Apsley Cherry-Garrard, who inherited Damer Park at Gustard Wood above Wheathampstead, accompanied Scott of the Antarctic on his final ill-fated expedition to the Antarctic in 1910-1912.
Mr Cherry-Garrard, whose similarly-named father, Major General Apsley Cherry-Garrard was High Sheriff of Hertfordshire in 1901, was the expedition’s assistant zoologist. He also edited the expedition’s periodical, the South Polar Times.
In the 1948 film, Scott of the Antarctic, starring John Mills and James Roberston Justice, Cherry-Garrard was played by actor Barry Letts.
Scott led a party of five(not including Cherry-Garrard, who remained behind at the base camp) to the South Pole, which they reached on January 17,1912,only to discover that the Norwegian Roald Amundsen had got there first (in December 11).
Scott and his men died on the gruelling return journey. Their bodies were found eight months later by a search party, including Cherry-Garrard.
To mark the centenary of Scott’s death, on or around March 29,1912, the copy of Apsley Cherry-Garrard’s book, The Worst Journey In The World, is to be auctioned at Bonhams in London on March 30,when it is expected to sell for between £15,000 and £20,000.
The book was published in 1922 and was a gift from Cherry-Garrard to Scott of the Antarctic’s widow, Kathleen, who remarried that year. It is signed: “Inscribed to Mrs Hilton Young, with very grateful thanks from Cherry.”
Auctioneers Bonhams say: “It is particularly valuable because it contains her hand-written and often forthright comments on Cherry-Garrard’s account of the Scott expedition.
“Kathleen Scott was highly protective of her husband’s reputation and of his leadership of the expedition which ended, not only in failure to become the first men to reach the South Pole, but in the death of Scott and four of his immediate companions: Wilson,Evans,Oates and Bowers.”
One statement in the book proved from Kathleen Scott an emphatic pencilled margin note: “Rots!” Bonhams say: “Cherry-Garrard’s book is widely regarded as one of the greatest of all adventure stories but it is also admired as a lasting testament to man’s capacity for sacrifice and ability to endure great hardship.”
The Oxford Dictionary of National Biography said: “In 1947,income tax demands and ill health obliged him(Cherry-Garrard) to sell Lamer (at Wheathampstead) which was demolished and he moved into a London flat.”

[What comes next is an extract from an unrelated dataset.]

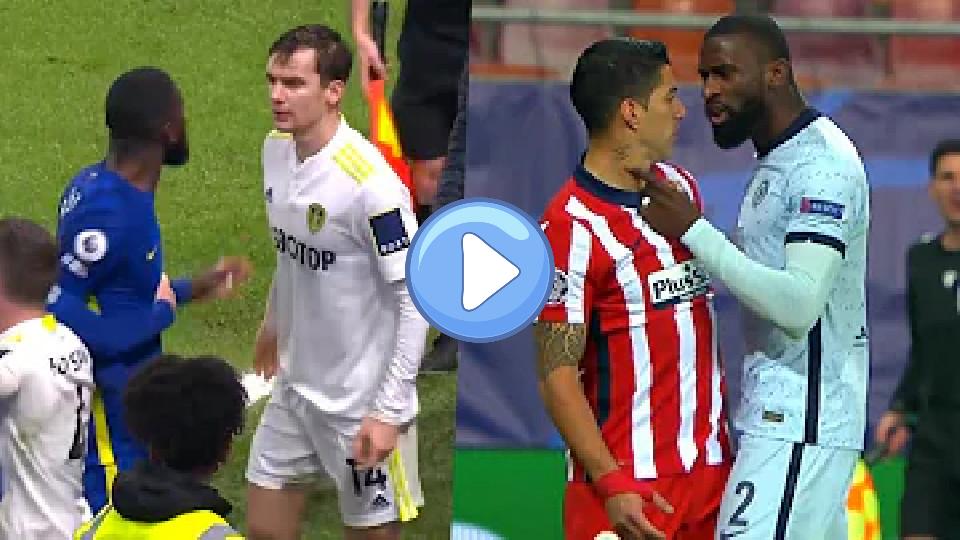 Play video: When Antonio Rüdiger gets angry Video thumb: When Antonio Rüdiger gets angry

Cherry-Garrard was seventy three when he died at the Berkeley Hotel, Piccadilly, London,on May 18,1959.In his will he left nearly half a million pounds,or £481,158 six shillings and eightpence to be precise.
He is buried in the north west corner of St Helen’s churchyard at Wheathampstead and there is a commemorative bronze statue of him inside the church.